Трудясь изо всех сил, Шурка глазел и слушал, что делалось в доме Быковых.

Никто не заглядывал сюда посидеть, покурить табачку, поплакаться, почесать досыта языком, узнавая или рассказывая новости, присев для этого на порог, расположась вольготно на полу, удобно подвернув под себя колено, а то и заняв пол — лавки без всякого приглашения, — кому как нравилось. Всего этого не могло быть здесь, потому что, когда в крыльцо стучались с улицы, в сени кто‑нибудь выходил и спрашивал всегда одно и то же:

— В лавку? Сейчас!

Наверное, Быковым в голову не приходило, что можно наведаться просто так, не в лавку, к самим хозяевам, чтобы узнать, как они живы — здоровы, пожаловаться на жизнь, вместе проклясть ее и как‑то на людях утешиться. Да, видать, не приходило это в голову и тем, кто по нужде обращался к Устину Павлычу, как к старосте. Царапая прошения в волость, прикладывая печать, он охотно, ласково заводил разговоры, сочувствовал вдовам и солдаткам. Авдотья Яковлевна, слезая с кровати, охая, появлялась на кухне и начинала сморкаться в косынку, а Марфа, если была в избе, переспрашивая, давилась слезами.

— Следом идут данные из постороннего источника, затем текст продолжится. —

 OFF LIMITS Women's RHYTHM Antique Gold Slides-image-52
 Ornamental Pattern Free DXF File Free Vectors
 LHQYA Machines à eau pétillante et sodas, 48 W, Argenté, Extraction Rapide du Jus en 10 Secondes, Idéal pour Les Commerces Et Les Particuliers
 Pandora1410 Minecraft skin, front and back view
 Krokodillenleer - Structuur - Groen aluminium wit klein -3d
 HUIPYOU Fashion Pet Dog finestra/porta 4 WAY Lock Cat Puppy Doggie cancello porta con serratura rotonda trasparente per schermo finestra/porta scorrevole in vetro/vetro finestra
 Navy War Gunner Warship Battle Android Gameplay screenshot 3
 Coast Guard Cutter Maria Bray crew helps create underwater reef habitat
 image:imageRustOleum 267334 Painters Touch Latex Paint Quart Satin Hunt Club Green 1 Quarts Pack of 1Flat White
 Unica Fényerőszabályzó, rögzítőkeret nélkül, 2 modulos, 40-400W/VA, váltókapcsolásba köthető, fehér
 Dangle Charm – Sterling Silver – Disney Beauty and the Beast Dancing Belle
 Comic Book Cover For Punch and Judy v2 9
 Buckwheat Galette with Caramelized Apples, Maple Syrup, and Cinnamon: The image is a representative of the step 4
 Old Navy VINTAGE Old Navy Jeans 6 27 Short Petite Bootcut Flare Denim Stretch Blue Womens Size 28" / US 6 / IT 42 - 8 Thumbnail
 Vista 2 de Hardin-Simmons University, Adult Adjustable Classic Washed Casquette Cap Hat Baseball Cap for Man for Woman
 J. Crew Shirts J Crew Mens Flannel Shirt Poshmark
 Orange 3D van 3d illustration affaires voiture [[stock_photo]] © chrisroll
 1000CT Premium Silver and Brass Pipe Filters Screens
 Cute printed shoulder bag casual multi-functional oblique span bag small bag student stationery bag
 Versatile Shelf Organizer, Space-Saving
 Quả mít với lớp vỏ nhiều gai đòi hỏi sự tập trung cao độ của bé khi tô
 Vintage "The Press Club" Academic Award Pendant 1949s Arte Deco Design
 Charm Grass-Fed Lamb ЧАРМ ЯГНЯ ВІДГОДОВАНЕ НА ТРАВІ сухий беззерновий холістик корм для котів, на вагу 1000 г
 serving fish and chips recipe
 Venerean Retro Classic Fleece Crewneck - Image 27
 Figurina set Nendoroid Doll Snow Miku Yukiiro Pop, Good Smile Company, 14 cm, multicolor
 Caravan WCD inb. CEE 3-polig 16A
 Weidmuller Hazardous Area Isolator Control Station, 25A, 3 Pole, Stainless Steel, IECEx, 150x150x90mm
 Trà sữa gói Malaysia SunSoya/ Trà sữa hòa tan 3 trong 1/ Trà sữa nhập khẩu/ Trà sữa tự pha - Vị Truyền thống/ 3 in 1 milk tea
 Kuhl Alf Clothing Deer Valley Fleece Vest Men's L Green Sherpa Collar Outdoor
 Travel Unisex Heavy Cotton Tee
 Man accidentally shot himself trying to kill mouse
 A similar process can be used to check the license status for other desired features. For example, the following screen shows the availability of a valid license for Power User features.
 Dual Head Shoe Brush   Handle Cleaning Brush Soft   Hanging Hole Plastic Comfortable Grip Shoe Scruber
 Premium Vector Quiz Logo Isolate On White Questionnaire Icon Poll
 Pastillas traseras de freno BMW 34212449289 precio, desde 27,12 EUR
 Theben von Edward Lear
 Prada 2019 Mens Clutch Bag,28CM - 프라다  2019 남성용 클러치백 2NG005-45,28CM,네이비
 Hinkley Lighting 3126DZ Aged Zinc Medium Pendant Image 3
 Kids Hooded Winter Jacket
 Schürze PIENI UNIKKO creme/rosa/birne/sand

Бабы редко плакали, больше каменели, как Шуркина мамка, отмалчивались, не садились на скамью, хотя их приглашали, старались поскорее получить нужную бумагу и уйти.

— Эко горе! Матушка! Горе‑то эко! — утиралась полушалком Марфа, с железным скрежетом запирая за бабами дверь в крыльцо.

— Господь не видит, а пора бы… Что делается! — стонала Авдотья Яковлевна, забираясь на лежанку. — Владычица пресвятая, да когда же это кончится… перестанут убивать мужиков?

Устин Павлыч только морщился, поскорей прятал печать, хватался за дело, какое попало, а то и уходил вон из избы, словно его ругала жена. И это тревожило Шуркину душу сильнее, чем причитания хозяйки и работницы.

Нет, как бы ни лаяли на сходе мужики Устина Павлыча, было и у него сердце. Приходили вдовы просить чего‑нибудь взаймы, и Устин Павлыч, как в прежнее время, не отказывал, давал, правда с уговором: уступить ему в яровую перелог в волжском поле — пропадает земелька попусту, жалко смотреть; помочь потрепать лен — запарился он по хозяйству, не управился еще с ленком, пес его задери.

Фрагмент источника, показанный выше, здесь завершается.